Look through the data below for the line with "A Muslim family" and the line with "Image of Clothes", then transcribe exactly from the first through the second, leaving out all pictures.

**INPUT RECORDS**
------------------------------------------------

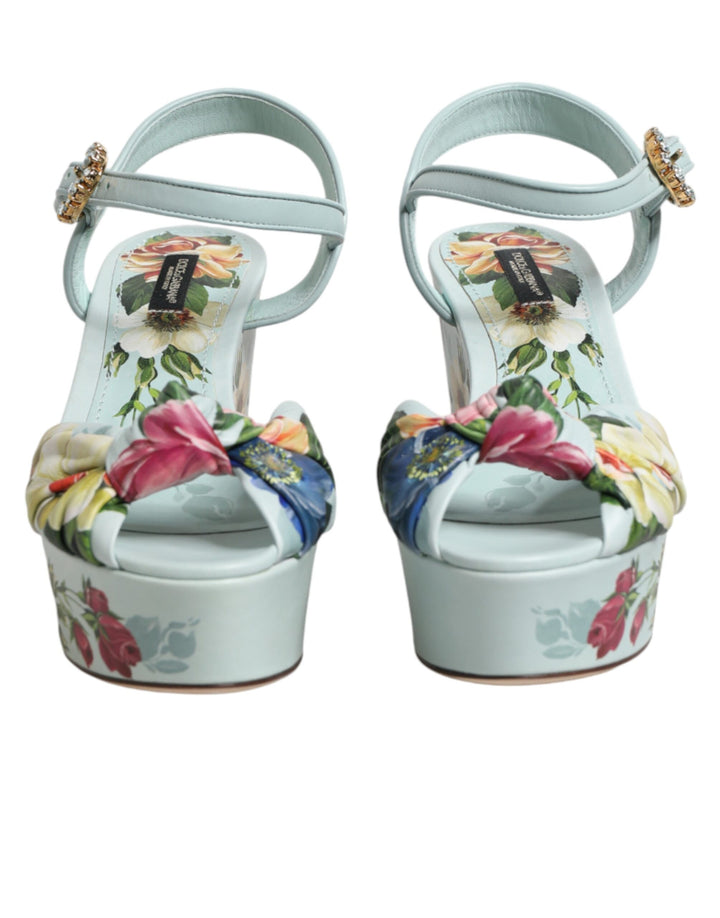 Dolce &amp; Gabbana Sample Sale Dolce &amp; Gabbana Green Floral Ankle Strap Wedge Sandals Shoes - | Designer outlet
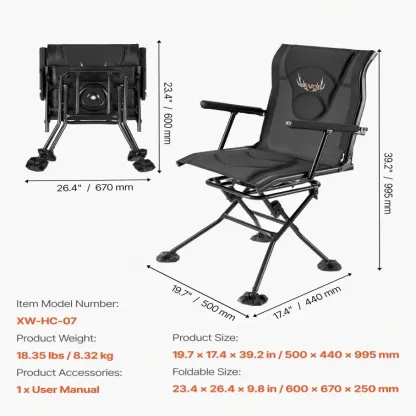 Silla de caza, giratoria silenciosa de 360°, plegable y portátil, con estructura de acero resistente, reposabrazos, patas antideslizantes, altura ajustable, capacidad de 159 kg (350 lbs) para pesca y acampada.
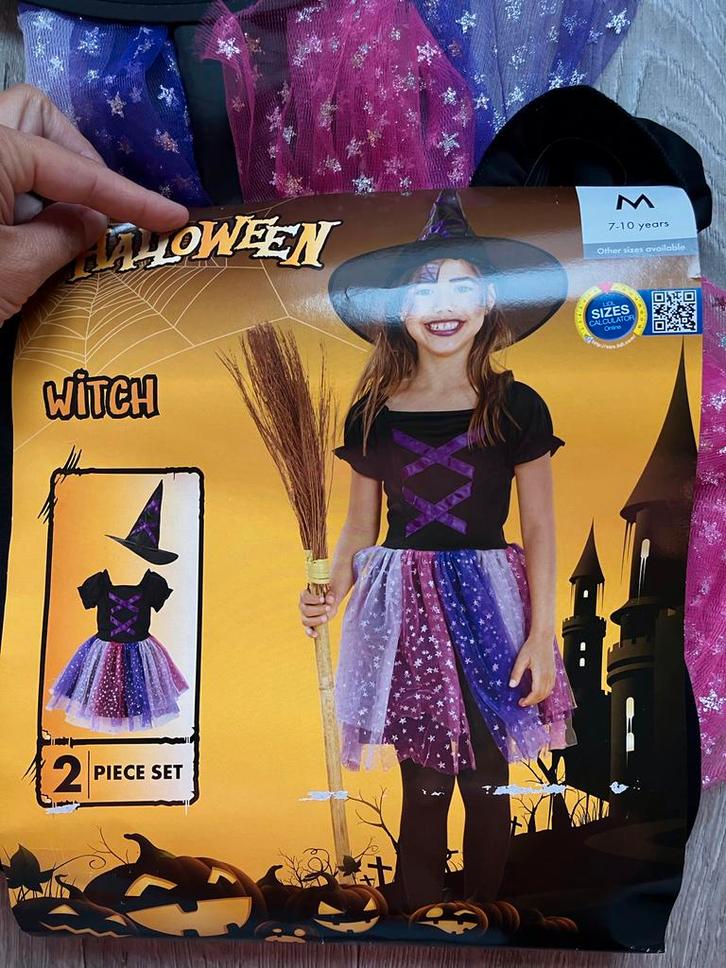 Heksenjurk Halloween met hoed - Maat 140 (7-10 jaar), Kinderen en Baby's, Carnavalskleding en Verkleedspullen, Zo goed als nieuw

------------------------------------------------

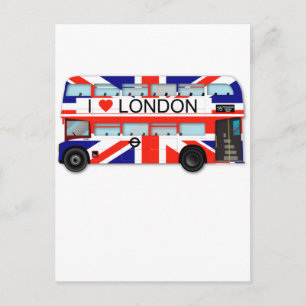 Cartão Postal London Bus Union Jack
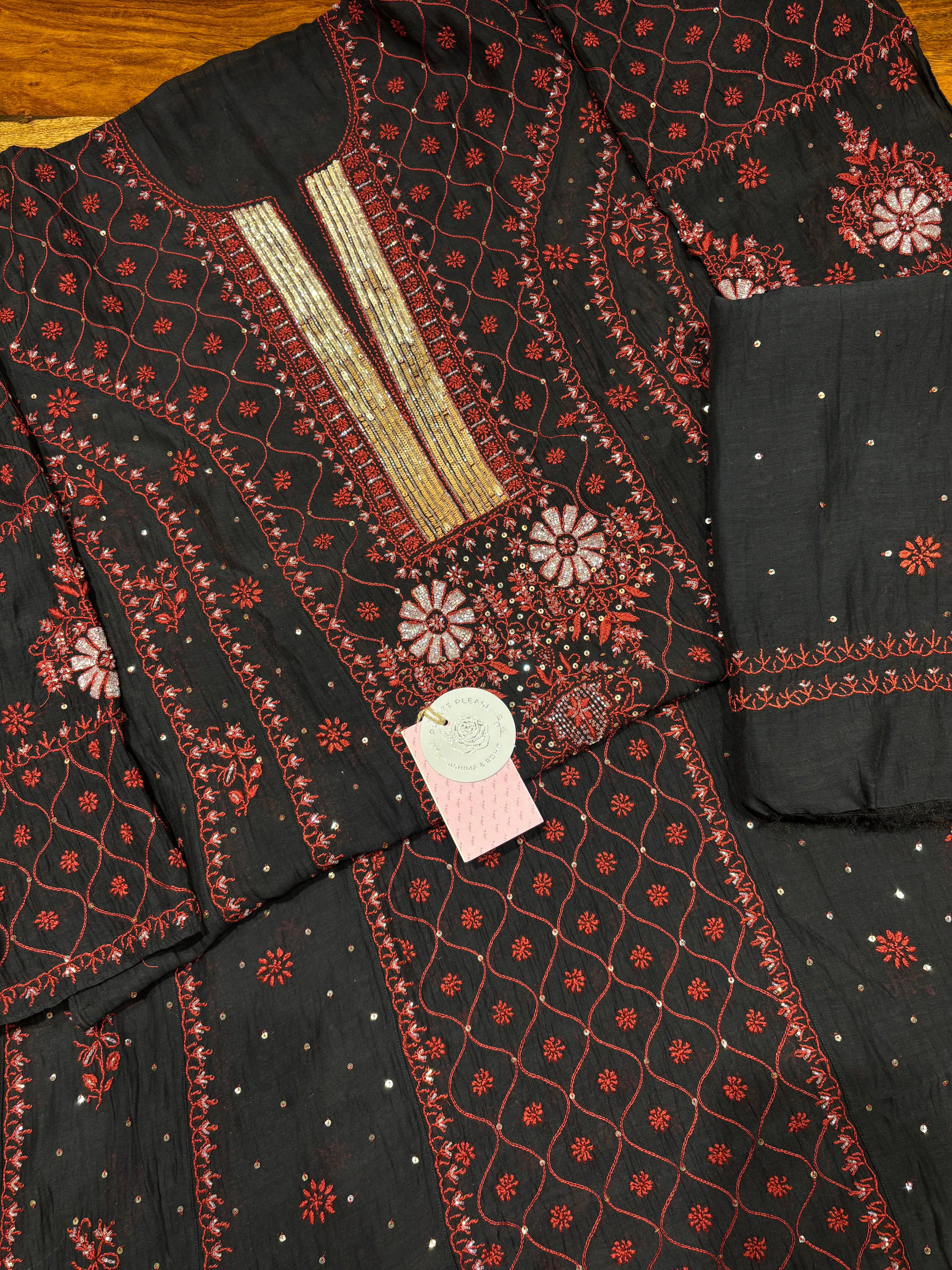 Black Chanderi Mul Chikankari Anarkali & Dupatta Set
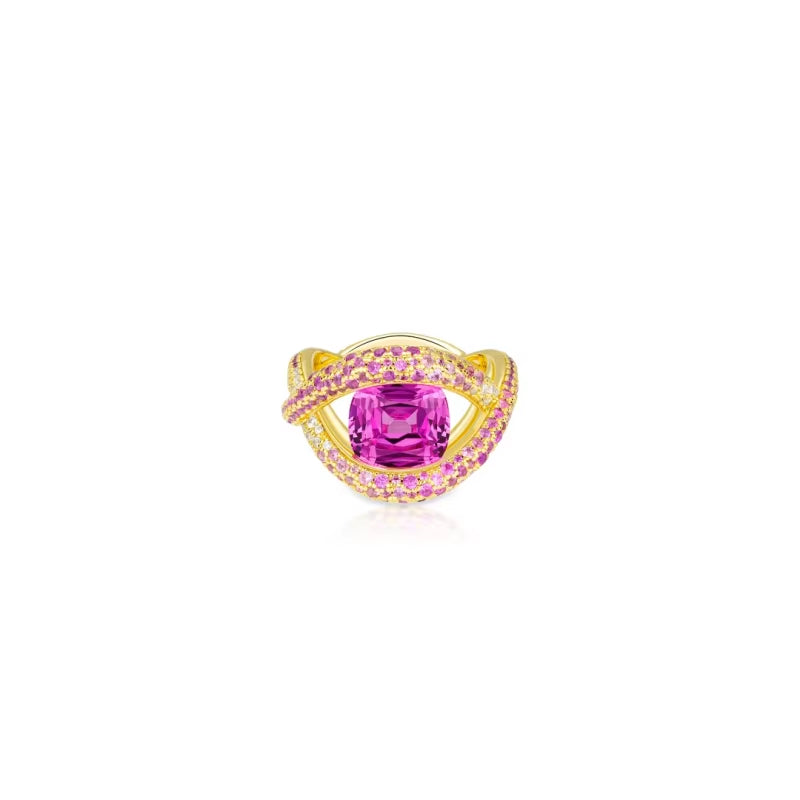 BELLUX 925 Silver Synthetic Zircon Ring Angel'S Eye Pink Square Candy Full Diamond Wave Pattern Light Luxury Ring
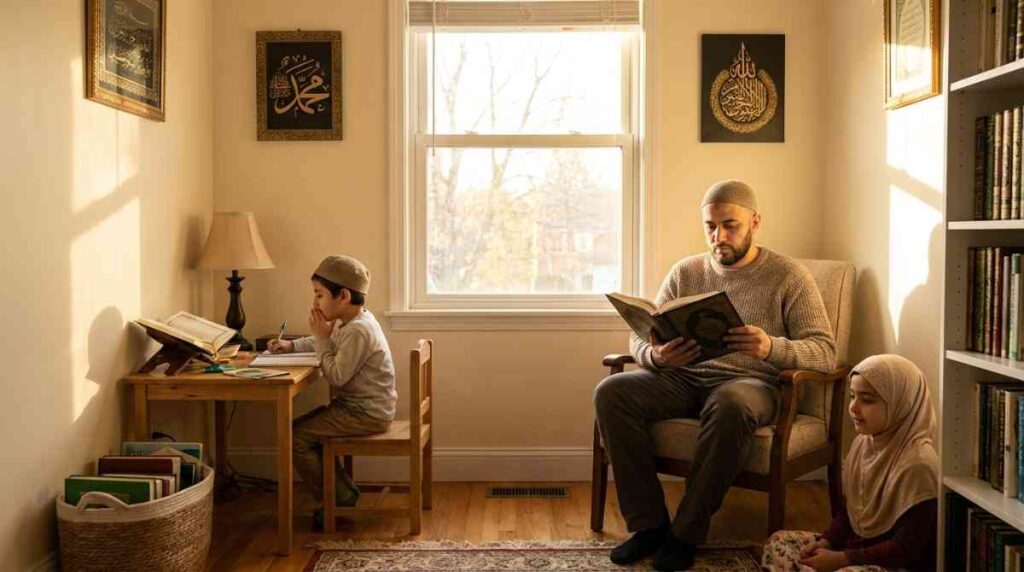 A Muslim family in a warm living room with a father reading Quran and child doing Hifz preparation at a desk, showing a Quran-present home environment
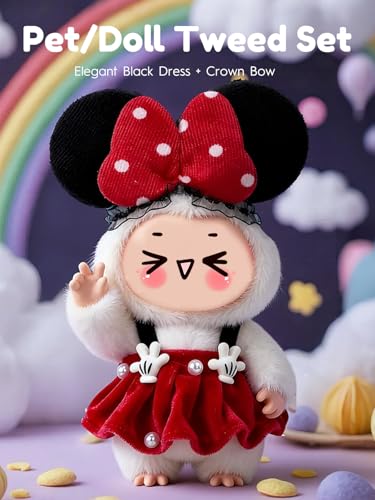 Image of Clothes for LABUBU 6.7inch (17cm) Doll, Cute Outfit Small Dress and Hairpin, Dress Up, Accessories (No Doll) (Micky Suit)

------------------------------------------------

**RESPONSE TO THE EXERCISE**
 A Muslim family in a warm living room with a father reading Quran and child doing Hifz preparation at a desk, showing a Quran-present home environment
 Image of Clothes for LABUBU 6.7inch (17cm) Doll, Cute Outfit Small Dress and Hairpin, Dress Up, Accessories (No Doll) (Micky Suit)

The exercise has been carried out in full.